2. As such, compared to such ambitious aims, the introduction is very general. I totally miss discussion of state of the art on δ¹³C and δ²H organic matter tracing and what it can tell us about sinks and sources. The same holds true for stability of n-alkane concentrations when used as indicators for sediment or organic source attribution.

• a) Interpretation of n-alkane concentration in terms of degradation is used only to support the results from Rock-Eval analyses, which are the main method for determining OM degradation in our study.
• b) As mentioned earlier, we will introduce a new section to further explain the approach and methods used.

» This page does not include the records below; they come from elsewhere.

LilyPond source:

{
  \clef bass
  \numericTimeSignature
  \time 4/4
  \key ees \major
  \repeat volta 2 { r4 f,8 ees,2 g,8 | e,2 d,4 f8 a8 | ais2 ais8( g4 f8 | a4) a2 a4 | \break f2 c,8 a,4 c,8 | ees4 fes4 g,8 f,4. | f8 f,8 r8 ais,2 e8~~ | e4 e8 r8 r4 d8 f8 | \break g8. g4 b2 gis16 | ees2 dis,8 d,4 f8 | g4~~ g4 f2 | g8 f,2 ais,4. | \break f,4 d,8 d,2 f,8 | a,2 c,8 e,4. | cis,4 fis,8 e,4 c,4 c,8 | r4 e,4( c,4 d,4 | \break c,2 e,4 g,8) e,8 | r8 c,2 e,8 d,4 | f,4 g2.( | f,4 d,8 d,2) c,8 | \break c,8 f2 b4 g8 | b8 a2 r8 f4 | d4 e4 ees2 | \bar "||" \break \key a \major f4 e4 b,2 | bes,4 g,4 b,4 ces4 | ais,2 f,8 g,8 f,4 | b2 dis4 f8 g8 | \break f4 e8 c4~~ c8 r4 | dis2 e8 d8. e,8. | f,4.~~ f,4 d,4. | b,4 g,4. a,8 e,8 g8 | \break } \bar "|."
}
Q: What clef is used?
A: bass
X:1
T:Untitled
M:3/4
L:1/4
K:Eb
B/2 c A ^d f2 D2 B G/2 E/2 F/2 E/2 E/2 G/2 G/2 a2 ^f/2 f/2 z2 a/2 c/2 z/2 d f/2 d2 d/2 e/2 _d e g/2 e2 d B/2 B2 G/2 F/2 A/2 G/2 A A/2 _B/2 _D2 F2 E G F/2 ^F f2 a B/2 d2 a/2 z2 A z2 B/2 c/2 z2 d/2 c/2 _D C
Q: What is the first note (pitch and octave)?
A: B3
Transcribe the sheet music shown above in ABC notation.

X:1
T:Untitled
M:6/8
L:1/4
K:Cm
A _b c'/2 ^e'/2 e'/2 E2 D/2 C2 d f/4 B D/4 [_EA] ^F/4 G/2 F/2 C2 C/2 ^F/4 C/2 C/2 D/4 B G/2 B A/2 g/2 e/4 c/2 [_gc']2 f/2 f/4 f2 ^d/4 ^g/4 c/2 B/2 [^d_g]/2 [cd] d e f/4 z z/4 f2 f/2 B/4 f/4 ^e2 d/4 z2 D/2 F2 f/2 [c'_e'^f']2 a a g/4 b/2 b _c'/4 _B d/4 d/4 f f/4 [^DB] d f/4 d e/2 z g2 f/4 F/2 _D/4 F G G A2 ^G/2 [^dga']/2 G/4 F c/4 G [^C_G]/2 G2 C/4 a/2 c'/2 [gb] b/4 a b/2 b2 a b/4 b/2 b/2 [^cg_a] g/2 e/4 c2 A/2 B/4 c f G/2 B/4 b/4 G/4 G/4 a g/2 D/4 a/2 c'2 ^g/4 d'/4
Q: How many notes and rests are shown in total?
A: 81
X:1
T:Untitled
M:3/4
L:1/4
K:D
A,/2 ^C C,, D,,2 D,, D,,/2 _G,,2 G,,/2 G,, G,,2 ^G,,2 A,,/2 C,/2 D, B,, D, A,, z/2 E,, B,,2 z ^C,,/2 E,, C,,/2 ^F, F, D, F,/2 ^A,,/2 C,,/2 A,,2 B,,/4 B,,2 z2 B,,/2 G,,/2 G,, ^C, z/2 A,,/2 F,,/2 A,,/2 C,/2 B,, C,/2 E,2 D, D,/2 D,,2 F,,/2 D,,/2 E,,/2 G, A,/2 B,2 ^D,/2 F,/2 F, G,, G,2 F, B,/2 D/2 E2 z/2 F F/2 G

3. The description of the sampling concept is totally missing. All it states is, that “ten samples where collected.” However, Figure 1 displays around 30 sampling sites, so I assume that ten samples for each sub-environment was taken? This is totally unclear. A detailed map of vegetation communities is presented (Figure 3) but it is not at all clear, if all these communities were sampled as possible sources and if so, how many samples, which plant species etc....If the aim is, to track OM in the lake back to these communities, the detailed sampling scheme has to be described.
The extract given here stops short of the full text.